_WHAT YOU WILL DO_. Could you print, exactly and without pictures, only the lines from the one with "Tali Tampar Ukuran 2Mm Panjang 220 Meter Cod" through the end of the records below?

[Items from a data source]
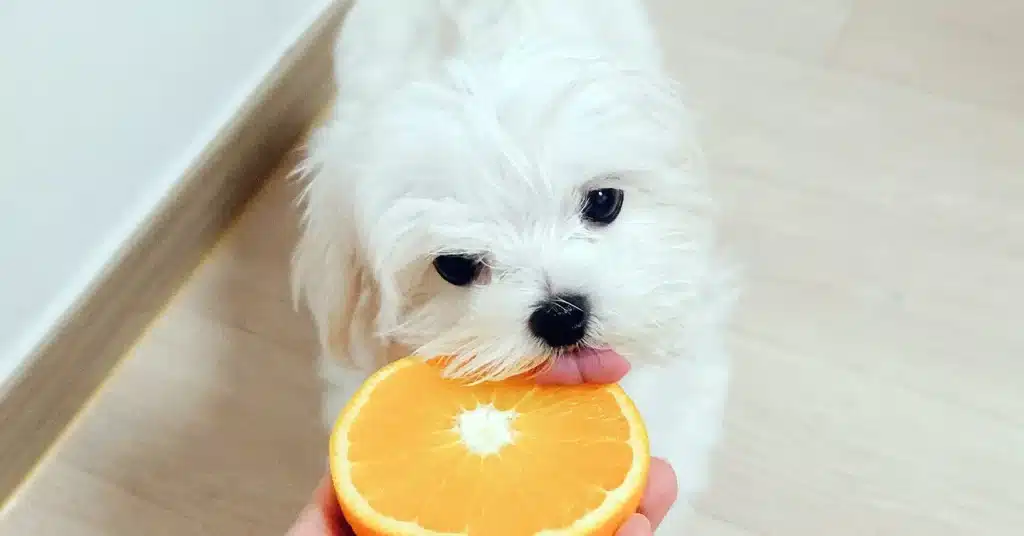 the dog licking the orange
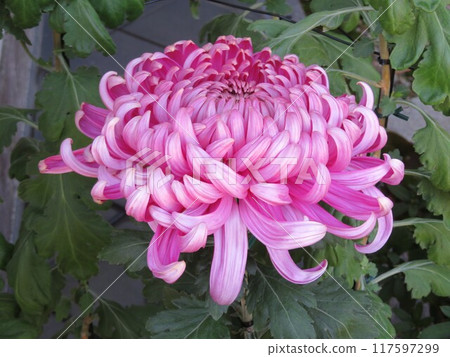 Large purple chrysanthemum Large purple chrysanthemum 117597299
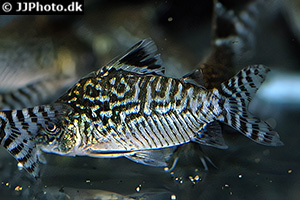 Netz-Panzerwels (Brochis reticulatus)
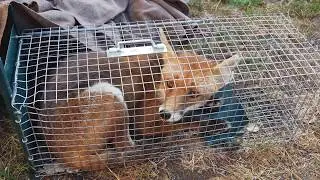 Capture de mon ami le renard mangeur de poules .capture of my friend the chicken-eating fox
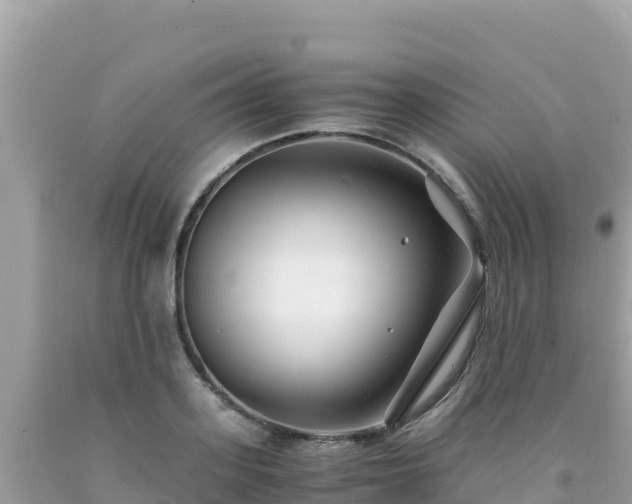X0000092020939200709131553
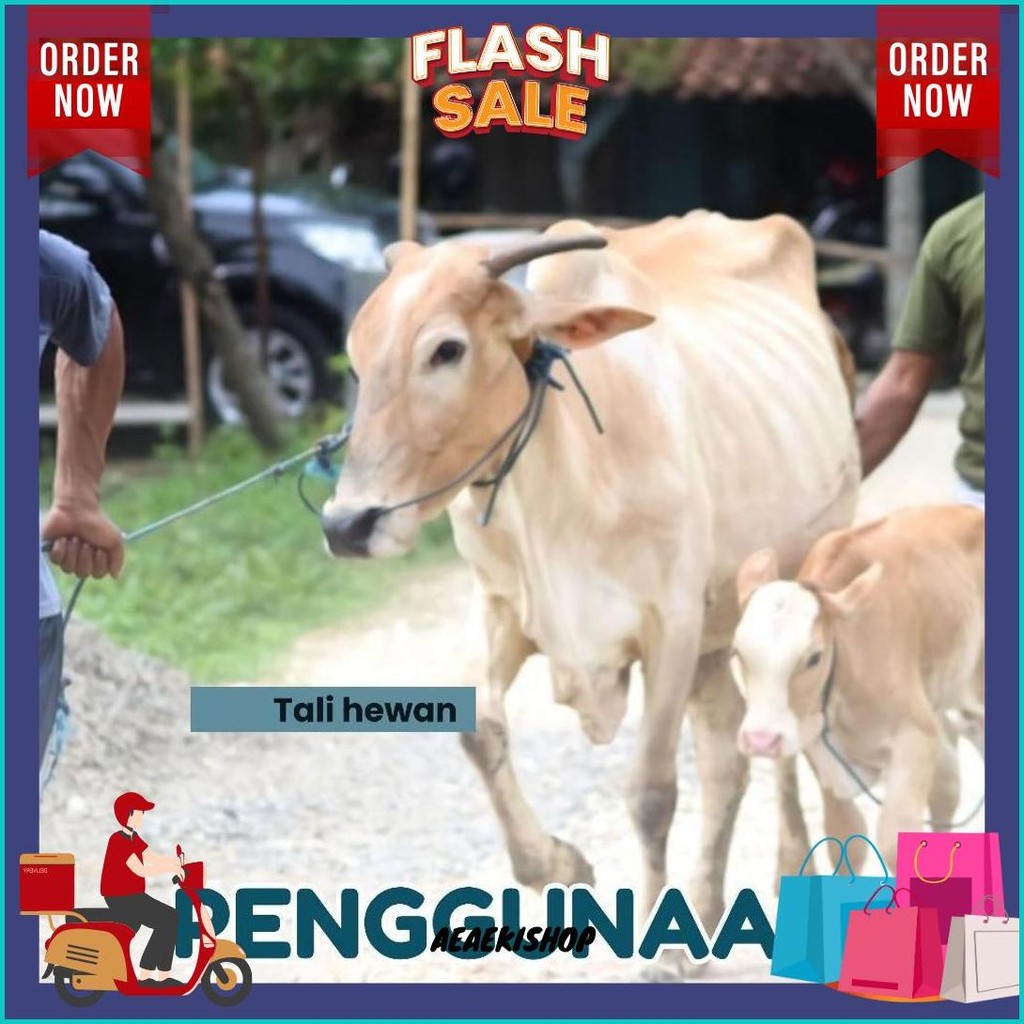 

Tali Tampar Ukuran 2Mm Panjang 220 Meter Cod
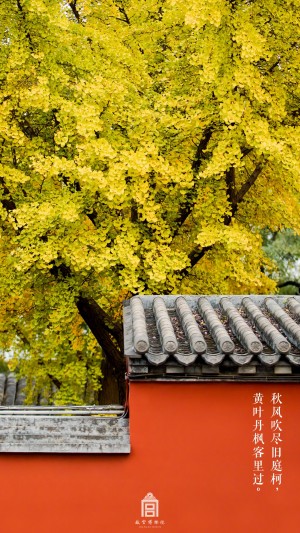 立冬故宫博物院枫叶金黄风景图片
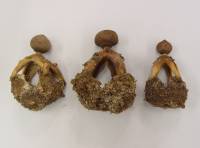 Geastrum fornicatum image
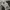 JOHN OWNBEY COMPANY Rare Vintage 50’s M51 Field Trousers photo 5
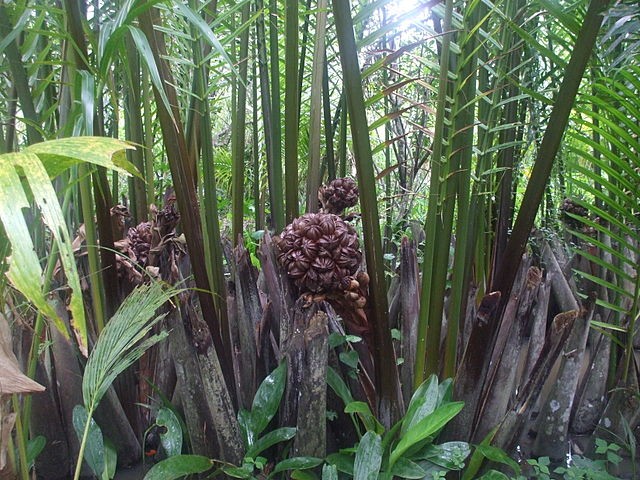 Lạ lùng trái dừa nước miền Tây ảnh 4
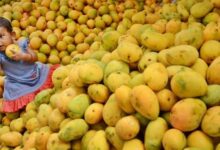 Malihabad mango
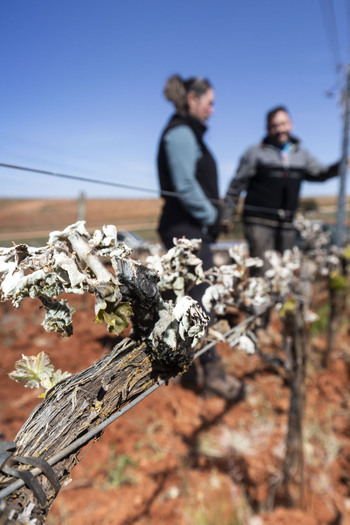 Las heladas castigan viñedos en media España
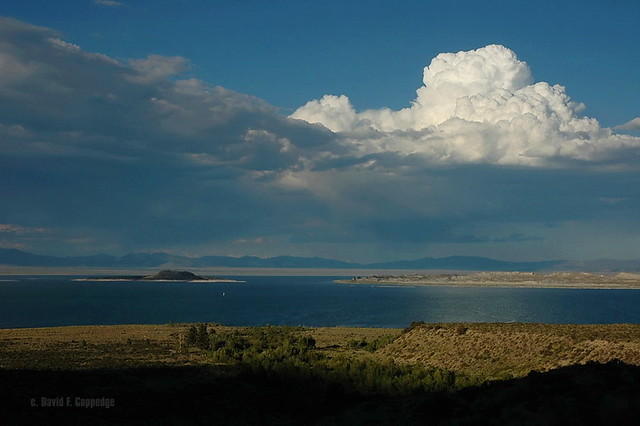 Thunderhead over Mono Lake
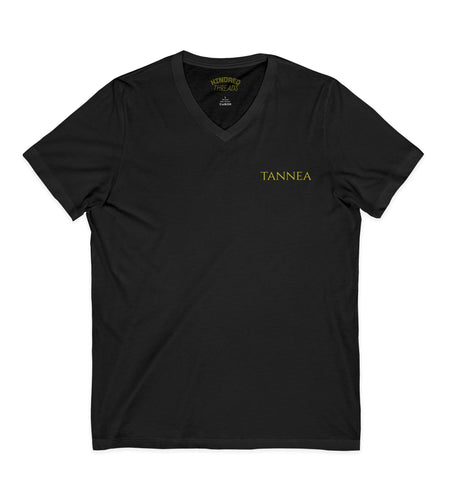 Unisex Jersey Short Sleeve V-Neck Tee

_SOLUTION BELOW_.
Tali Tampar Ukuran 2Mm Panjang 220 Meter Cod
 立冬故宫博物院枫叶金黄风景图片
 Geastrum fornicatum image
 JOHN OWNBEY COMPANY Rare Vintage 50’s M51 Field Trousers photo 5
 Lạ lùng trái dừa nước miền Tây ảnh 4
 Malihabad mango
 Las heladas castigan viñedos en media España
 Thunderhead over Mono Lake
 Unisex Jersey Short Sleeve V-Neck Tee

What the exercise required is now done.